Forty-six out of 112 patients (41.1%) were sustained virological responders (SVR). Seventy-two out of 112 (64.3%) presented with LS at histology; in this group, there were 24 patients (33.3%) with SVR compared with 22 (55%) of the non-steatosis group (chi(2)=6.5, P<0.02). Variables associated with the steatosis group were: higher serum levels of AST (P<0.04), alanine aminotransferase (P<0.02), gamma-GT (P<0.004), genotype 3a (P<0.03) and severity of histology (staging P<0.05) but at multiple linear regression analysis only genotype 3a and staging were significantly associated with LS. In the SVR group, age and body mass index (BMI) were significantly lower (P<0001 and P<0.03, respectively) compared with non-responders; moreover, genotype 1 was more frequent in the NR group, while genotype 3 was more frequent in the SVR group. At histology, grading and staging were also lower in the SVR group. Multiple logistic regression showed that only the grade of steatosis and genotype 3a were the variables independently associated with SVR.
This study showed a frequency of LS on the higher side of the range so far reported in the literature and confirmed that it negatively influences response to therapy. Genotype1 was confirmed to be the most frequent type in our area. It is more frequent in patients with mild-moderate steatosis and seems to condition therapeutic response negatively, together with BMI and age. In contrast, genotype 3a is more frequent in patients with severe steatosis, but is a favorable predictor of successful therapy.
背景/目的:肝脂肪变性(LS)与慢性丙型肝炎(CHC)的关系存在差异,但其是否影响抗病毒治疗的持续病毒学应答以及通过何种机制影响,至少对于某些基因型而言,仍是一个有待讨论的问题。本研究的目的是评估一组来自单一中心的CHC患者中LS的发生率、其与宿主和病毒因素的关系,以及它在多大程度上会影响聚乙二醇干扰素(INF)联合利巴韦林抗病毒联合治疗的疗效。
112例经组织学证实的CHC患者,根据体重,皮下注射聚乙二醇干扰素α-2a 180μg/周,共48周,同时每日口服利巴韦林1000或1200mg。根据Brunt等人的方法对脂肪变性进行分级。

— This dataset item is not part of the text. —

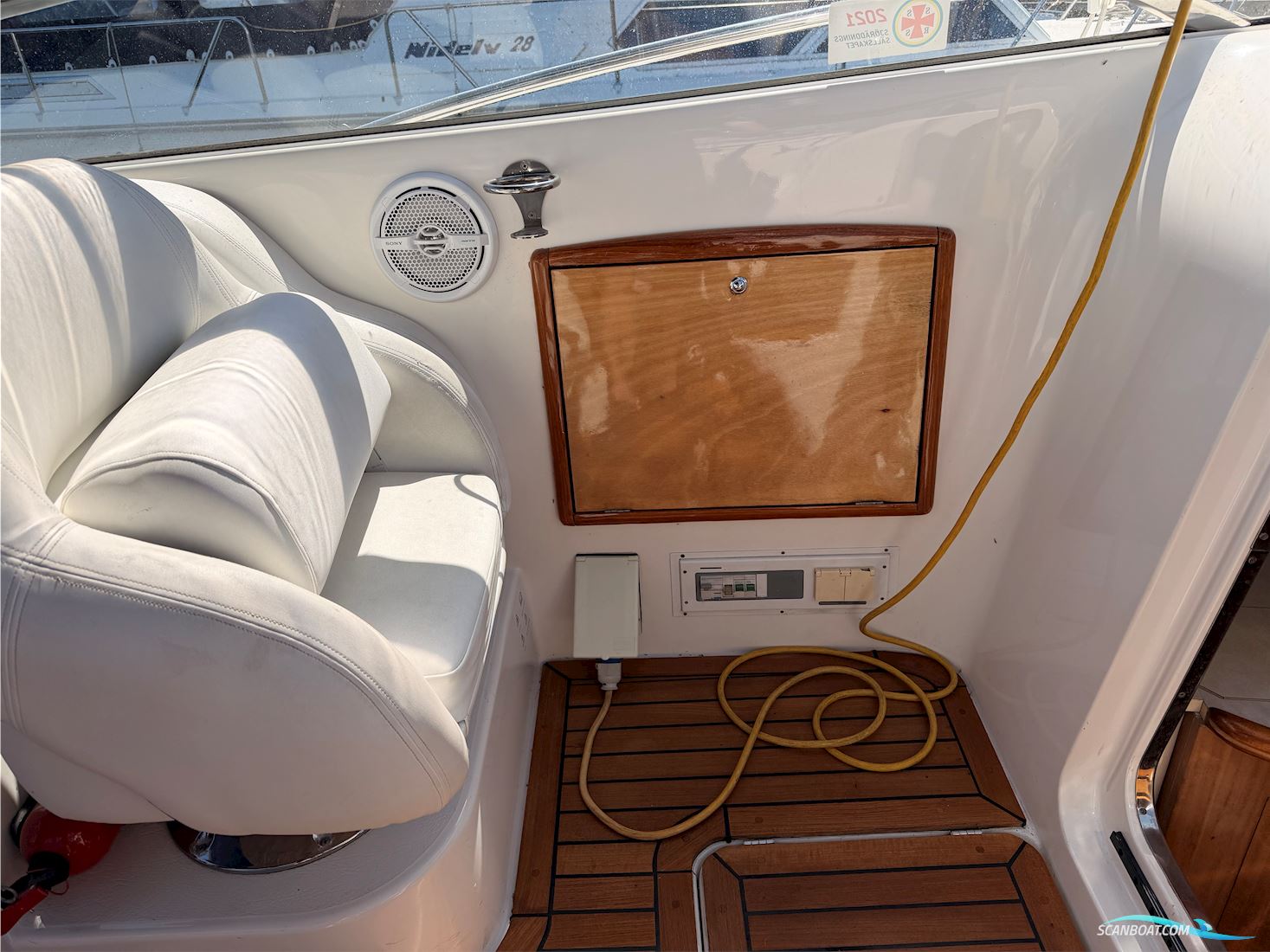 Windy 28 Ghibli
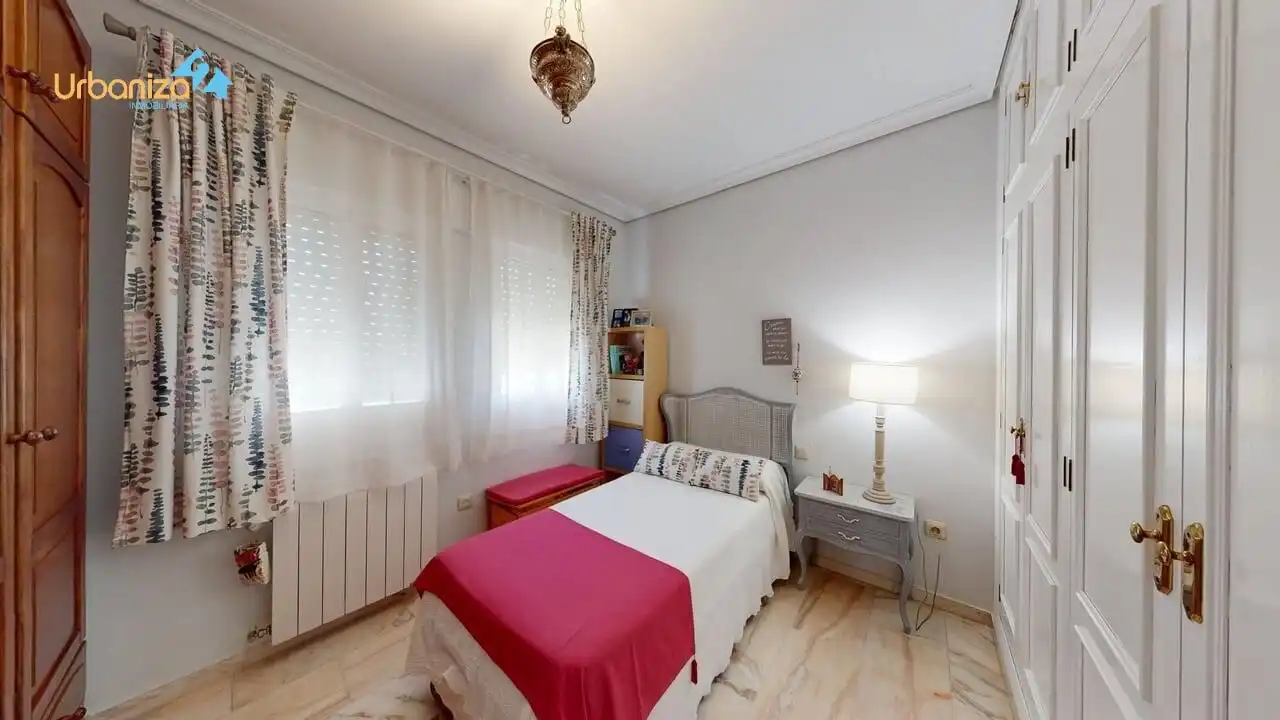 Habitación de Casa o chalet en venta en Badajoz con Aire acondicionado, Jardín privado y Terraza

112例患者中有46例(41.1%)获得持续病毒学应答(SVR)。112例中有72例(64.3%)在组织学检查中存在LS;在该组中,有24例(33.3%)获得SVR,而非脂肪变性组为22例(55%)(χ²=6.5,P<0.02)。与脂肪变性组相关的变量包括:血清AST水平较高(P<0.04)、丙氨酸氨基转移酶(P<0.02)、γ-GT(P<0.004)、基因型3a(P<0.03)和组织学严重程度(分期P<0.05),但多线性回归分析显示只有基因型3a和分期与LS显著相关。在SVR组中,年龄和体重指数(BMI)显著低于无应答者(分别为P<0.001和P<0.03);此外,基因型1在无应答组中更常见,而基因型3在SVR组中更常见。在组织学检查中,SVR组的分级和分期也较低。多因素逻辑回归显示,只有脂肪变性分级和基因型3a是与SVR独立相关的变量。
本研究显示LS的发生率高于迄今文献报道的范围,并证实其对治疗应答有负面影响。基因型1被证实在我们地区是最常见的类型。在轻度至中度脂肪变性患者中更常见,似乎与BMI和年龄一起对治疗应答产生负面影响。相比之下,基因型3a在重度脂肪变性患者中更常见,但却是治疗成功的有利预测指标。